▼▼▼

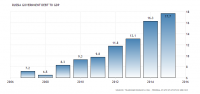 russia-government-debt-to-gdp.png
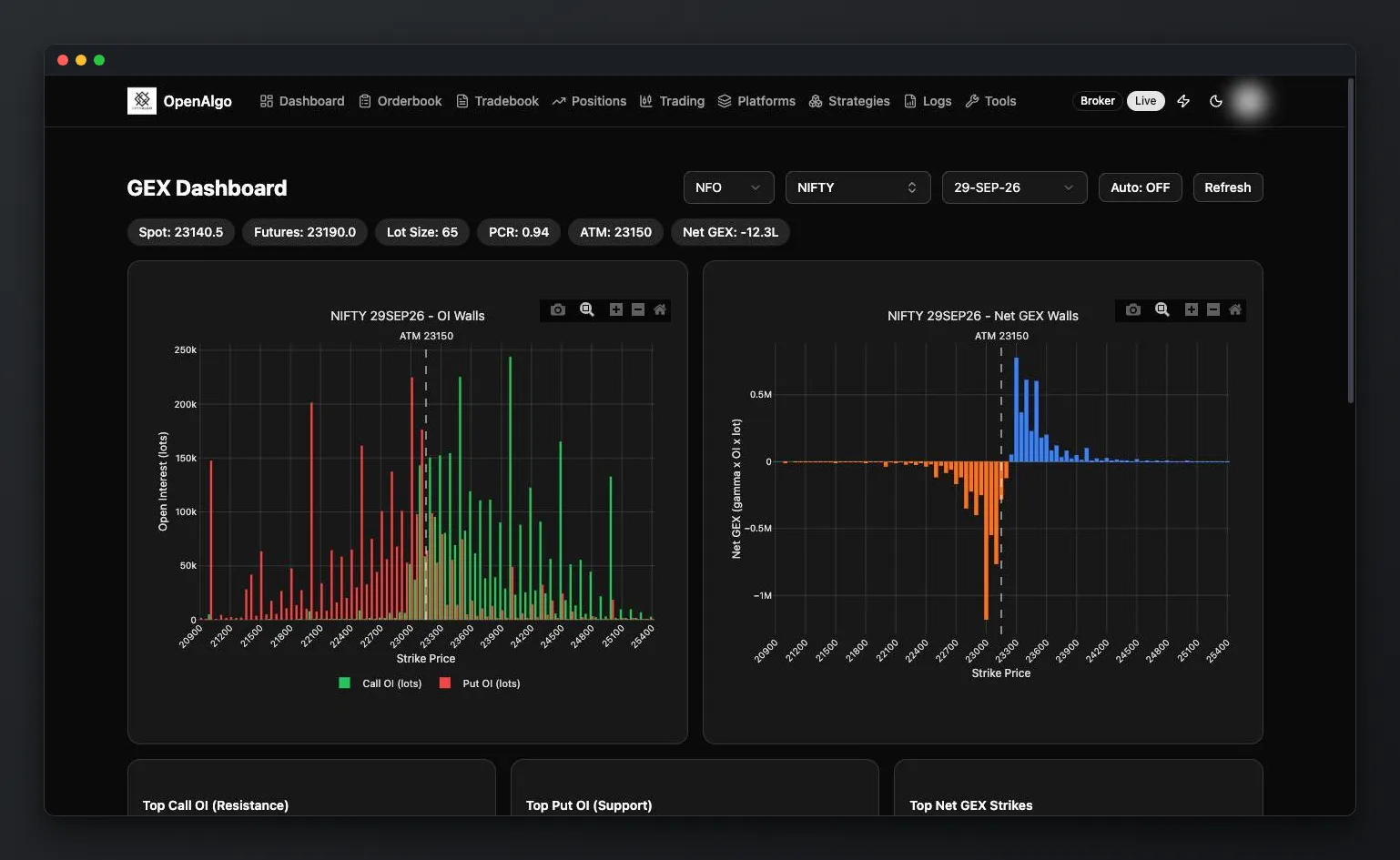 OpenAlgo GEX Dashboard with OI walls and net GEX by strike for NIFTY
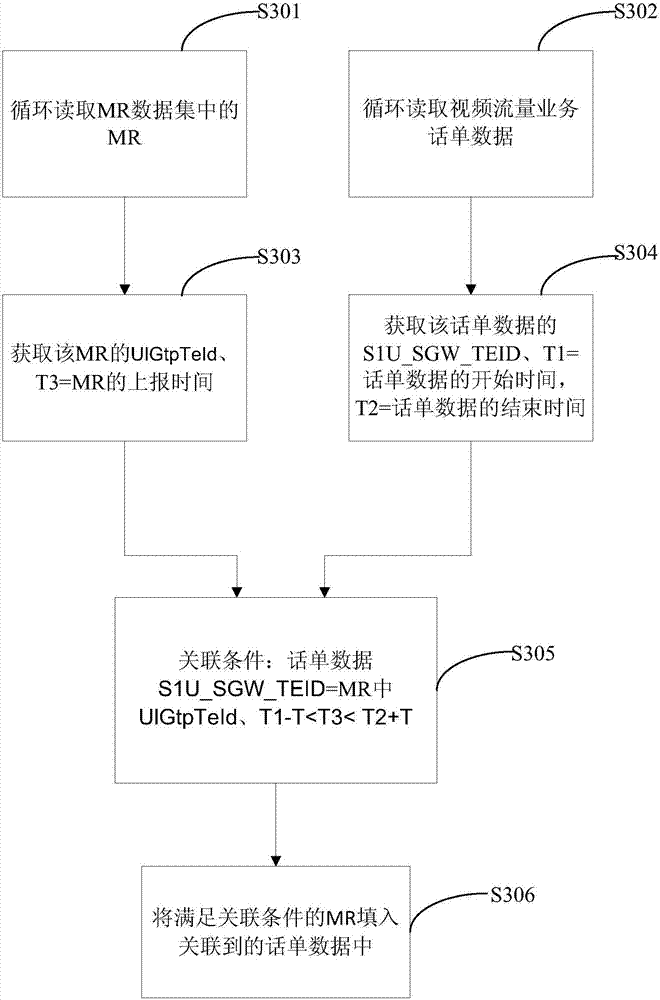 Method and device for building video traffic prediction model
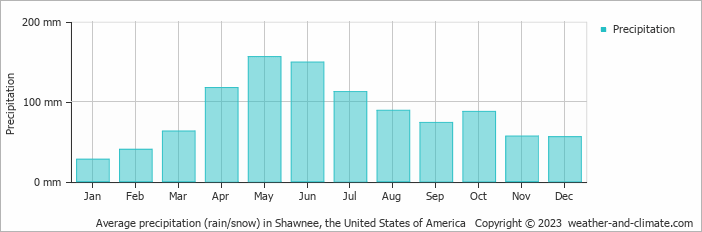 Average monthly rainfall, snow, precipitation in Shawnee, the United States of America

▲▲▲
▼▼▼

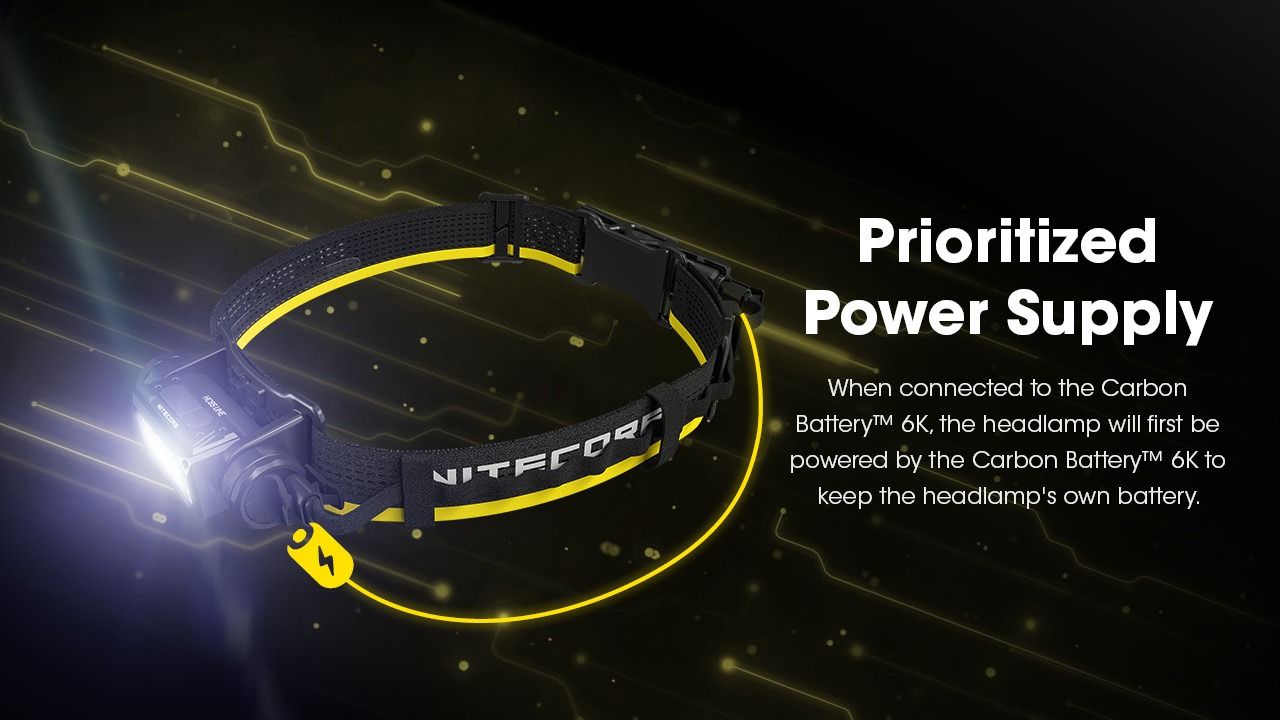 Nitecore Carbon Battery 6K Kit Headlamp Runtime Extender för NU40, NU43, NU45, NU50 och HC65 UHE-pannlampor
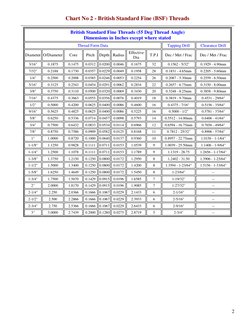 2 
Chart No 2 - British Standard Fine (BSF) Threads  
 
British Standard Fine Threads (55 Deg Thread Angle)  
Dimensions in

▲▲▲
▼▼▼

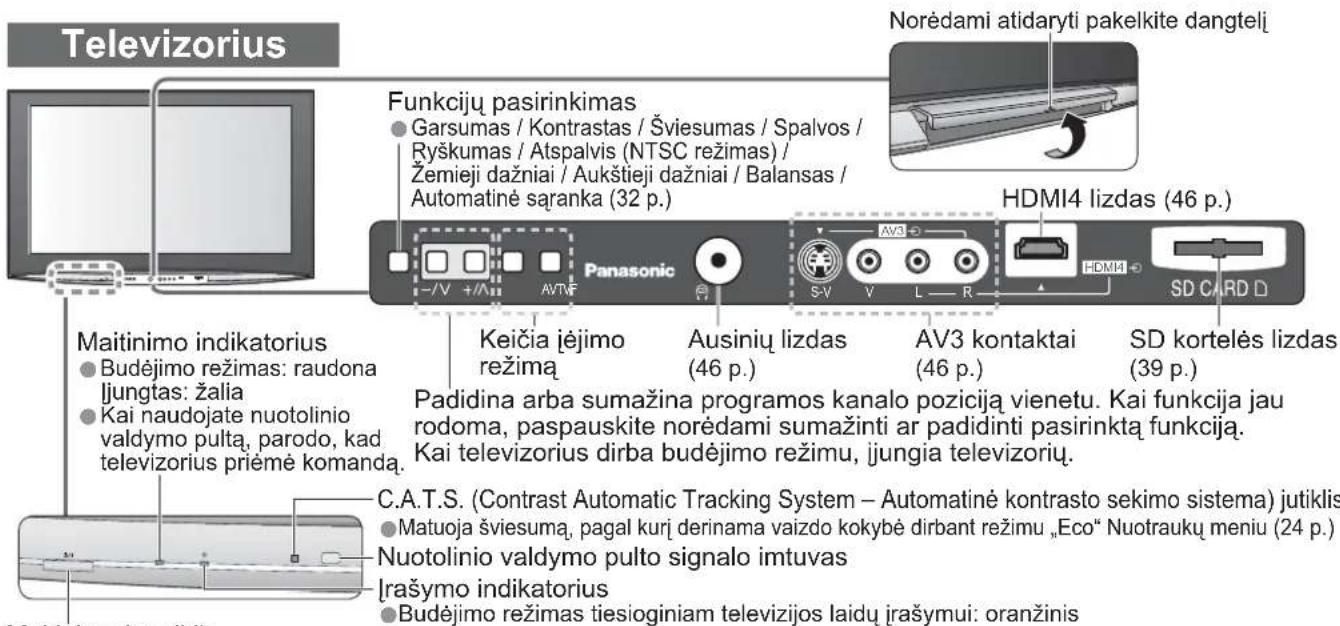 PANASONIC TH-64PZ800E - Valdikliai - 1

▲▲▲

> [YOUR OBJECTIVE] Look above for the line with "Nitecore Carbon Battery" and the line with "Dimensions in", then restate exactly those two lines and all lines between them, with no pictures.

> [EXPECTED ANSWER]
 Nitecore Carbon Battery 6K Kit Headlamp Runtime Extender för NU40, NU43, NU45, NU50 och HC65 UHE-pannlampor
 2 
Chart No 2 - British Standard Fine (BSF) Threads  
 
British Standard Fine Threads (55 Deg Thread Angle)  
Dimensions in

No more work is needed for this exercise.